*** Data to process

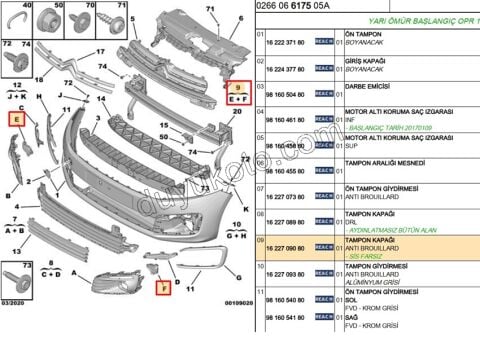 KAPAK SIS FAR CERCEVE TK CELYMQ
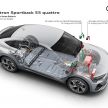 Audi e-tron Sportback – SUV coupe EV 355 hp, 561 Nm
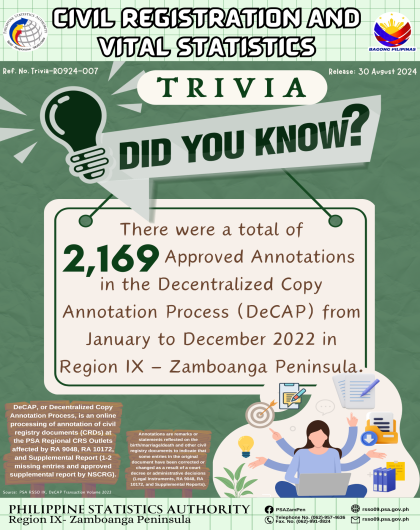 Civil Registration and Vital Statistics Trivia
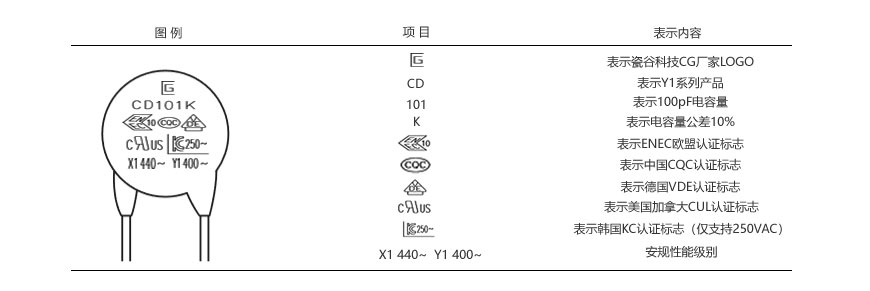 印字說明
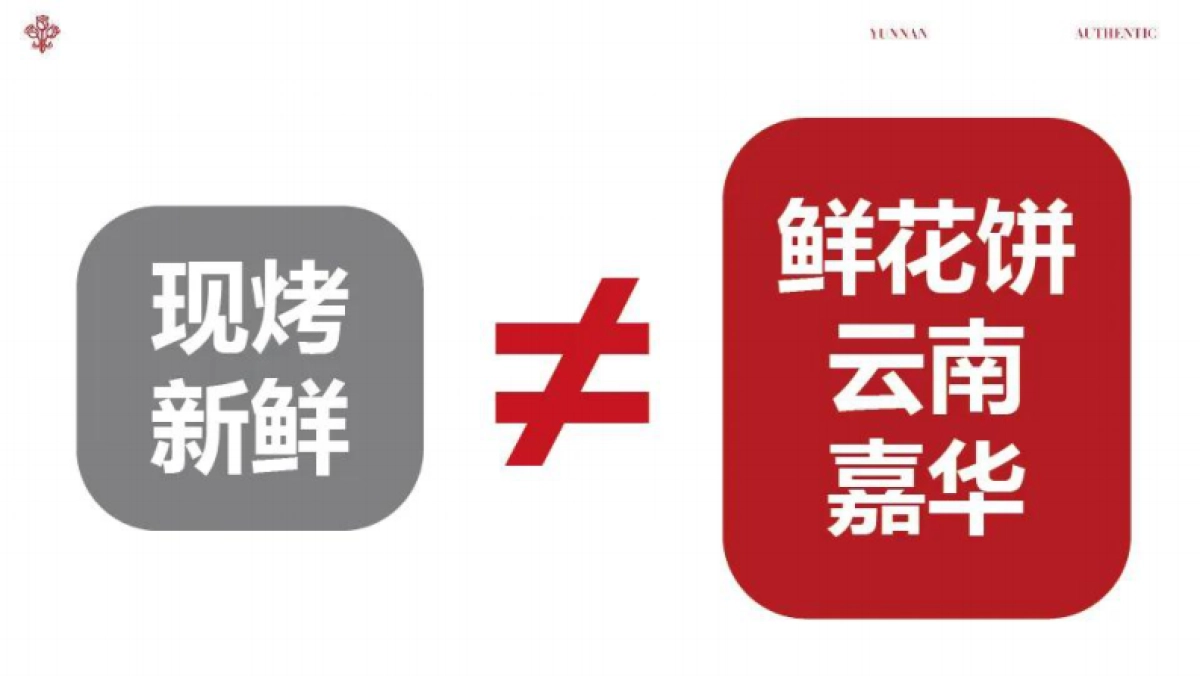 嘉华鲜花饼「正宗」战略重塑方案_第5页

******

■ Task instructions ■
Line by line, write out the records above exactly, skipping the pictures.

■ Completed exercise ■
 KAPAK SIS FAR CERCEVE TK CELYMQ
 Audi e-tron Sportback – SUV coupe EV 355 hp, 561 Nm
 Civil Registration and Vital Statistics Trivia
 印字說明
 嘉华鲜花饼「正宗」战略重塑方案_第5页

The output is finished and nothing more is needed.